La France est tout ce que les terroristes détestent
État de droit
La France c’est l’Etat de droit. L’affaiblir, même pour lutter contre le terrorisme, serait en quelques sortes donner raison à ceux qui nous combattent. La différence majeure entre eux et nous, c’est qu’en la terre des droits de l’homme, même un islamiste a le droit à un procès équitable : notre justice n’est pas celle des hommes ou de la vengeance institutionnalisée, elle est celle des Lumières, du principe contradictoire, et de la séparation des pouvoirs. S’il va de soi que contrôler les réseaux sociaux – dont le rôle dans la commission d’actes terroristes n’est plus à démontrer – sera un enjeu politique important, nous devrons veiller, à chaque instant, à ne jamais sacrifier les libertés sur l’autel de la sécurité. Le rôle du Conseil Constitutionnel, quand il a censuré toute ou partie des lois portées par les Députées Laëtitia Avia et Yaël Braun-Pivet, sur la haine en ligne et les auteurs d’infractions terroristes, est salutaire : ne nous laissons pas emporter par le fracas de l’émotion qui étouffe la raison, et malgré l’incroyable dureté des défis que nous affrontons, osons la complexité.
Laïcité
La France, et particulièrement depuis 1905, c’est aussi la laïcité. Assurément, la contestation de ce principe est souvent la première alerte du phénomène de dérive sectaire qui conduit à la radicalisation religieuse. Malgré cela, ce principe de société, qui est « une Constitution dans la Constitution » est très mal compris des citoyens, et trop souvent instrumentalisé par les politiques ces dernières années. Si la séparation des Eglises et de l’Etat signifie la neutralité de la puissance publique et de ceux qui remplissent des missions de service public, en aucun cas elle ne vise la neutralité de la société elle-même ; les citoyens ont le droit de porter des signes religieux ostentatoires, à condition bien-sûr qu’ils ne troublent pas l’ordre public ou qu’ils ne s’inscrivent pas dans une activité prosélyte. Face à cette méconnaissance, il nous faut de la pédagogie, du débat et de la compréhension: le principe de laïcité étant déjà inscrit à l’article 1er de la Constitution, ce n’est pas en l’inscrivant à nouveau dans notre norme suprême que nous résoudrons les maux de la société. Ici encore, oser la pensée.
Fraternité
Enfin, la France c’est aussi la fraternité, que nous devons réincarner. Nos ennemis utilisent les divisions de la société pour fonder leur emprise psychologique : le terrorisme islamiste se nourrit de notre incapacité à produire du commun. Alors que ces derniers mois ont dessiné le trait d’une société de plus en plus morcelée, le risque est clair, son implosion. Face à cela, nos dirigeants politiques n’ont d’autre choix que d’incarner l’humilité face à l’ampleur de la tâche et à la révolution de la pensée que nous impose ce combat de valeurs ; naturellement il ne nous faudra pas compter sur ceux qui depuis des années ont profité de ce morcellement à des fins électoralistes.

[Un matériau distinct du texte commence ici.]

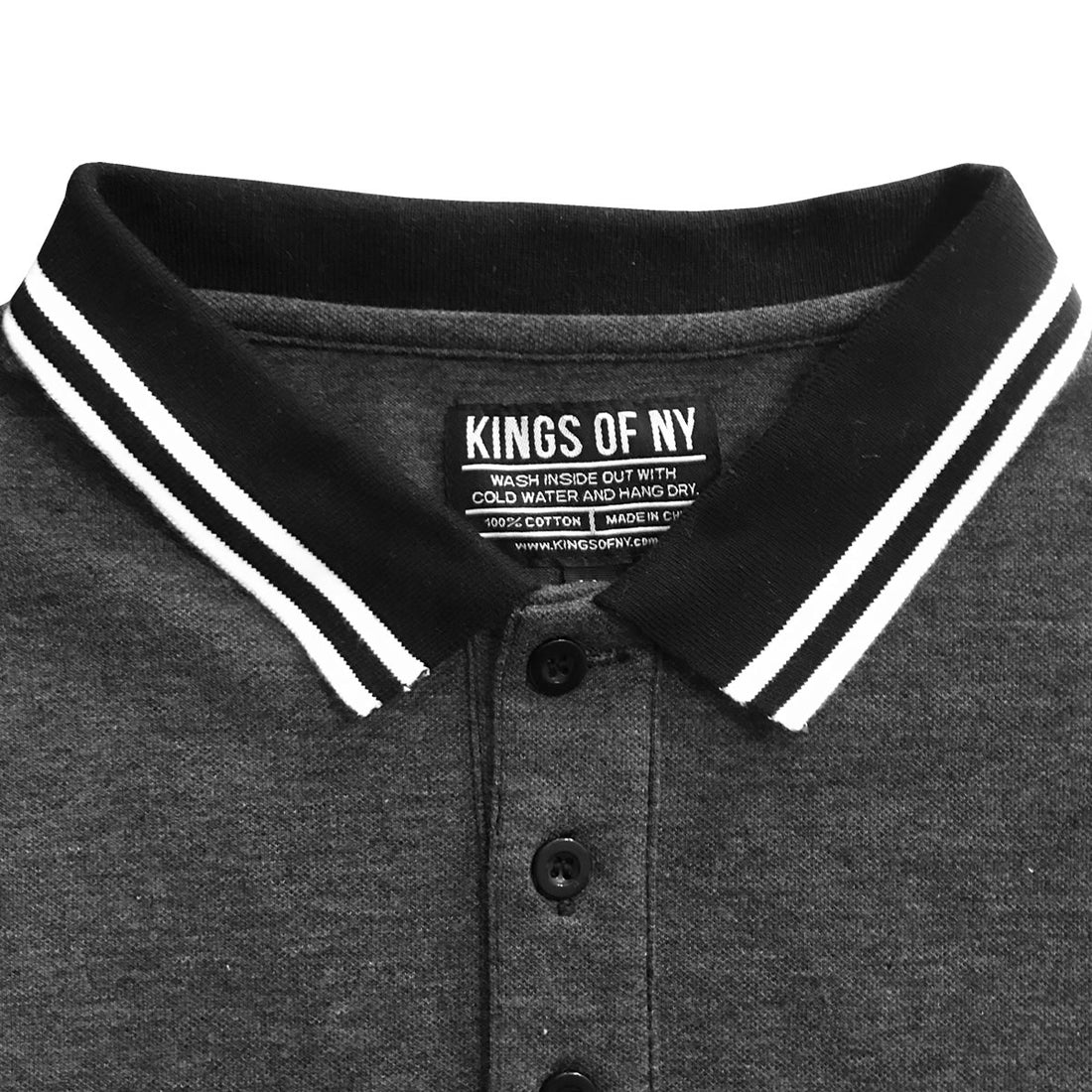 Logo Dark Grey Mens Cotton Tipped Pique Short Sleeve Polo Shirt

Le pays est, face au drame humain que représente l’assassinat d’un enseignant, en droit d’attendre une réponse digne de la part de ceux qui prétendent incarner notre Etat : si évidemment il faut lutter contre le communautarisme en ce qu’il peut, dans certains cas, prétendre s’imposer à la République, il ne faut en rien viser l’uniformisation de la société et l’effacement des différences, ce serait trahir l’idéal républicain français. Face à ce combat de civilisation inédit, nous sommes en droit d’exiger que notre classe politique abandonne l’arrogante facilité qu’elle a, dans les heures qui suivent ces tragédies, à accoucher de solutions qui n’en sont pas.
Abandonnons l’écume des choses
Dans le respect de la République laissons les individus s’habiller comme ils le souhaitent où manger ce qu’ils veulent. Croire que nous résoudrons les problèmes dans les rayons de nos supermarchés ou dans les allées de nos magasins de prêt-à-porter est, ici encore, un renoncement à penser.
La France est tout ce que détestent les terroristes. Elle mérite que nous ne cédions ni à la tentation de la facilité ni à l’assourdissant vide de la pensée. Ainsi nous honorerons la vie de ceux qui, pour la défendre, ont payé le prix de leurs libertés.